Source records:

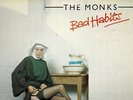 MFD IN CANADA 1979 NEW WAVE LP THE MONKS : BAD HABITS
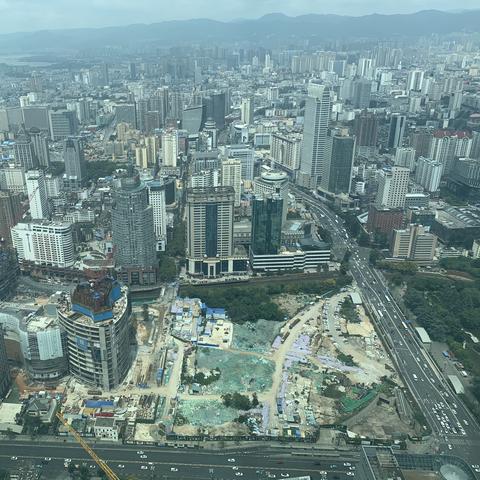 昆明市流走多少人口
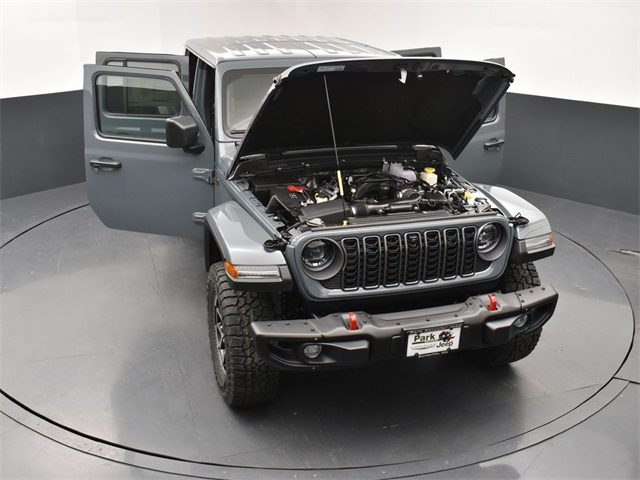 2025 Jeep Gladiator Rubicon photo 25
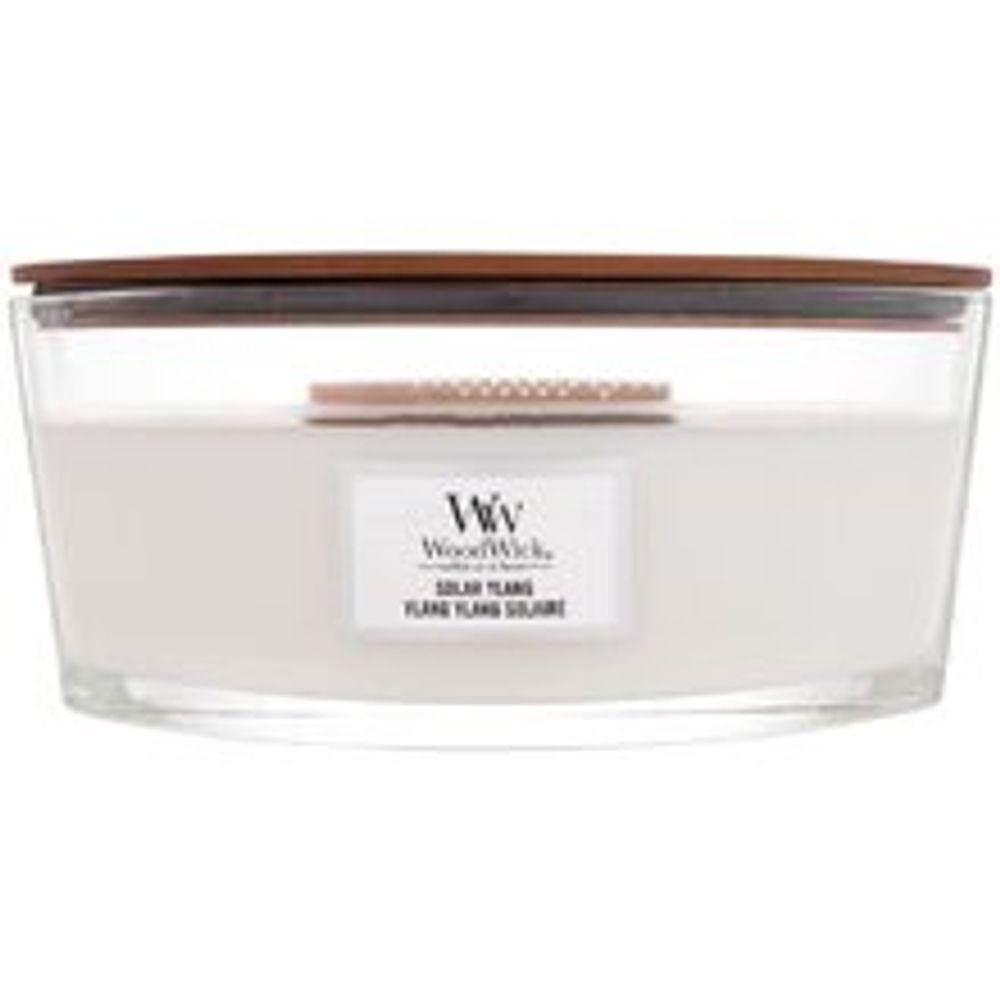 WoodWick Solar Ylang - Scented candle 453.6g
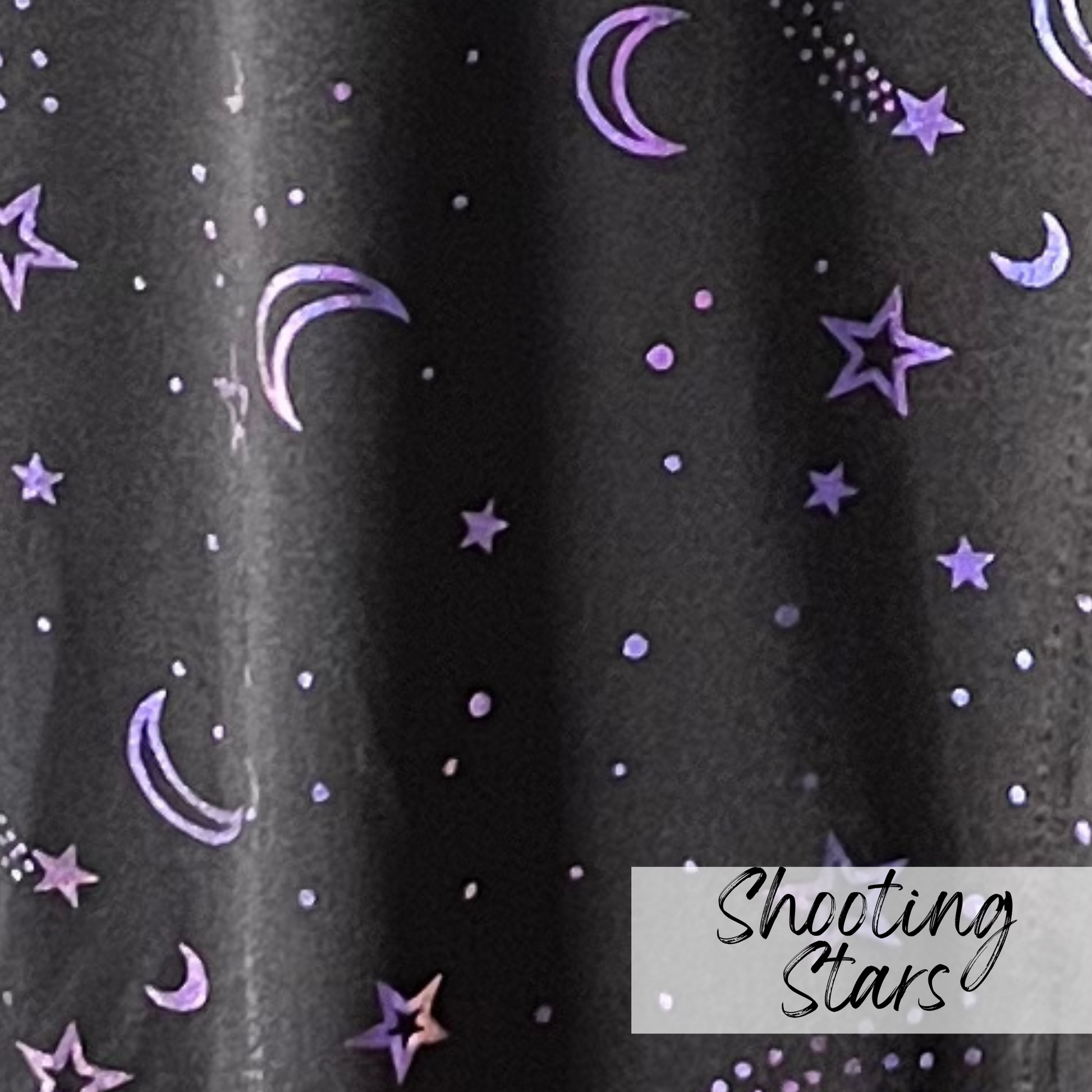 shooting stars print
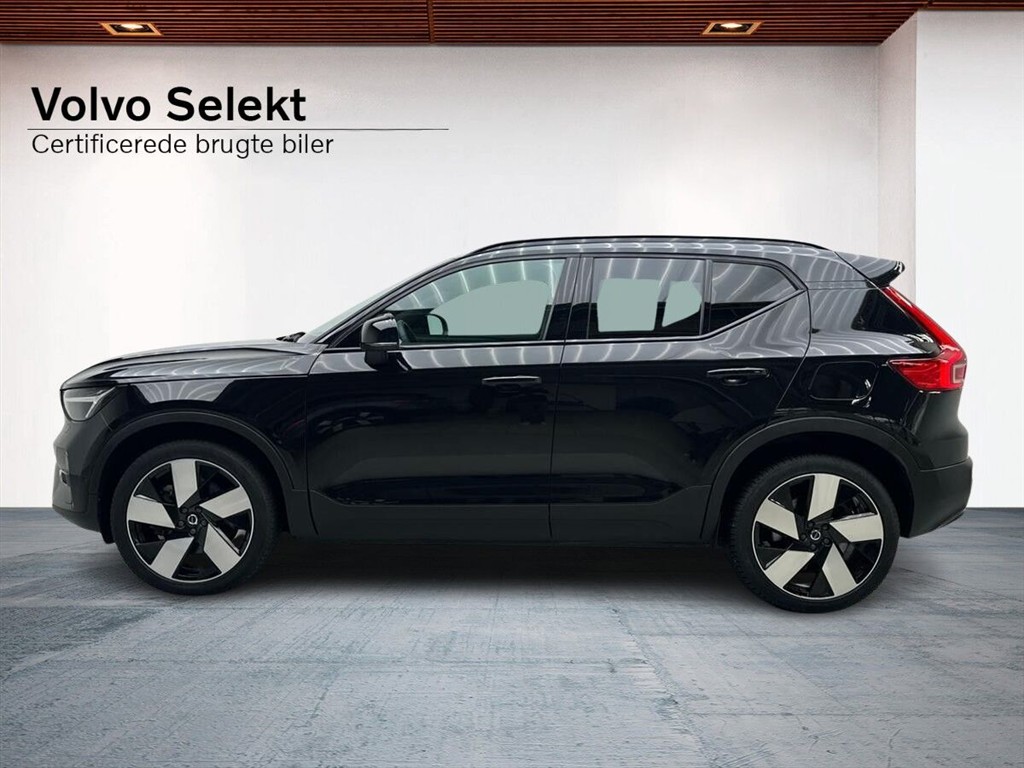 Volvo XC40 Ultimate billede 3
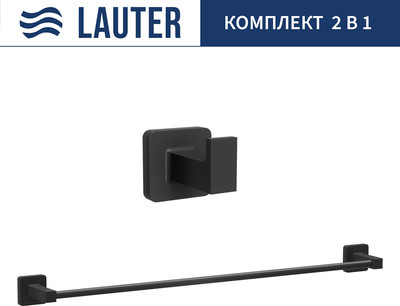 

Набор аксессуаров для ванной, 21TS8308 + 21TS8302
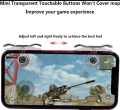 PUBG Trigger - Mobile Game Controller for Call of Duty/FORTNITE/PUBG - Phone Triggers. 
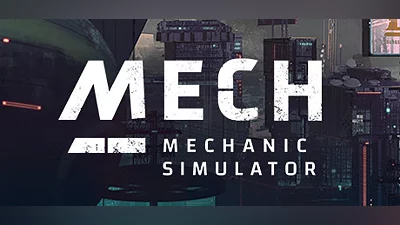 Mech Mechanic Simulator (PC) [North America] [Standard]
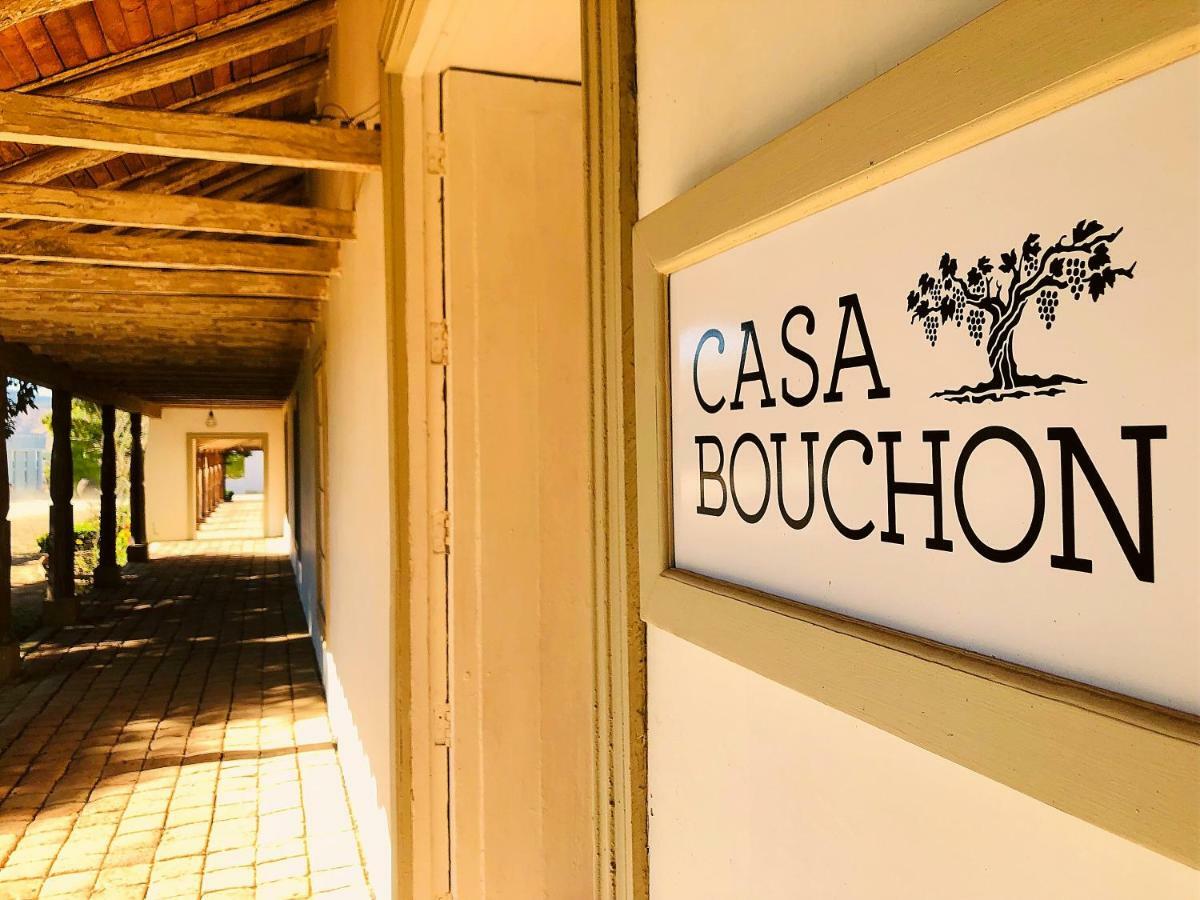 Casa Bouchon Hotel Boutique San Javier  Exterior photo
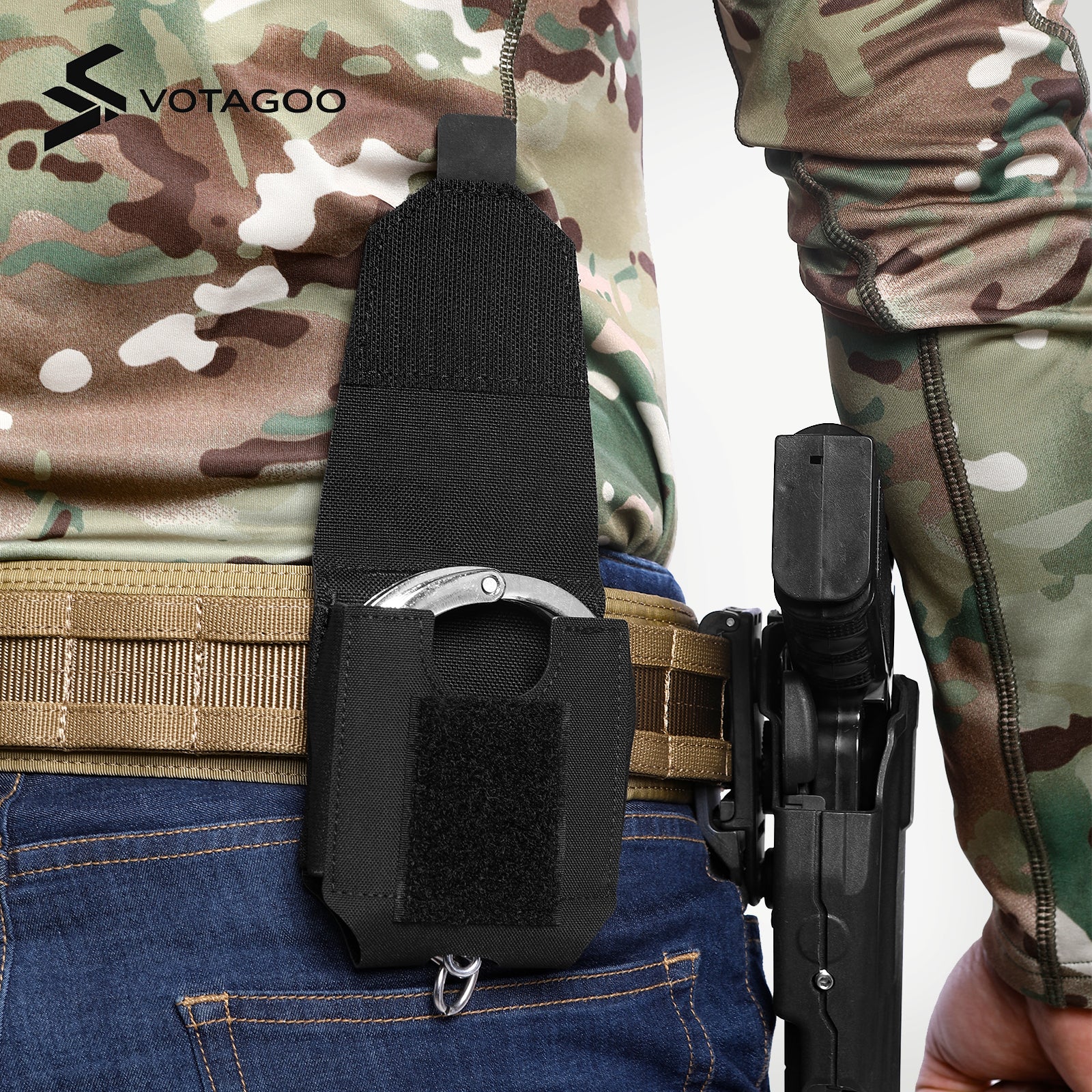 VOTAGOO® Duty Handcuff Pouch - Image 13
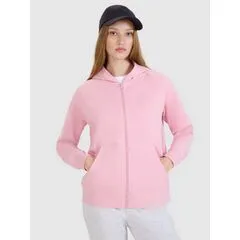 4F bluza damska rozpinana z kapturem 4F bluza damska rozpinana z kapturem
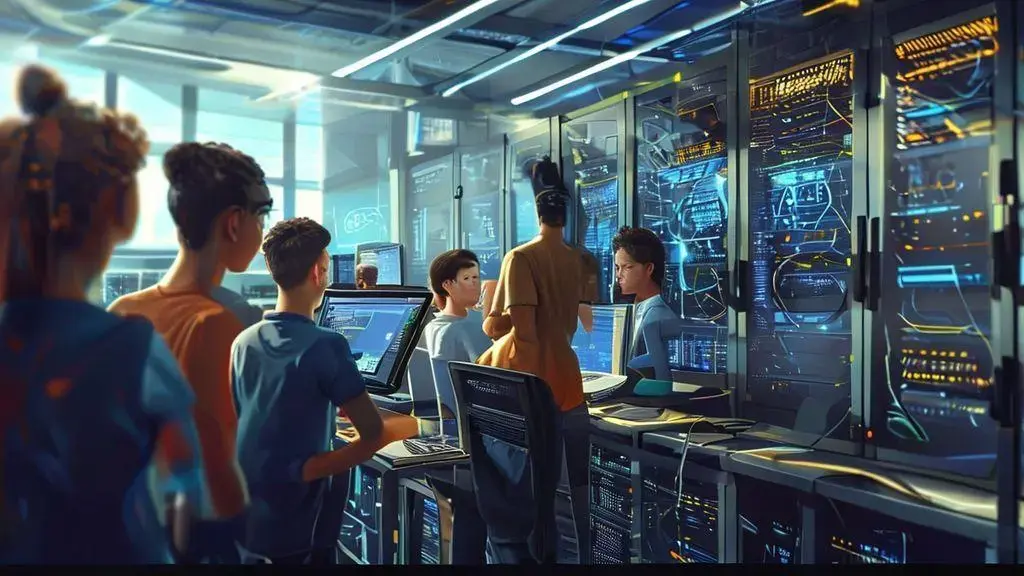 cursos de infraestrutura de ti gratuitos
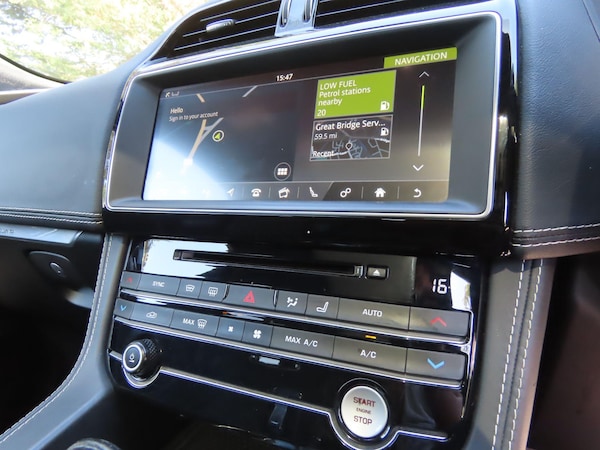 Used Jaguar F-Pace 2019 for sale - 75225279: Photo 12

## WHAT YOU ARE ASKED TO DO
Reproduce word for word the lines from the line with "4F bluza damska rozpinana z kapturem 4F" to the end of the entries above, both included, but leave the pictures out.

## REPLY
 4F bluza damska rozpinana z kapturem 4F bluza damska rozpinana z kapturem
 cursos de infraestrutura de ti gratuitos
 Used Jaguar F-Pace 2019 for sale - 75225279: Photo 12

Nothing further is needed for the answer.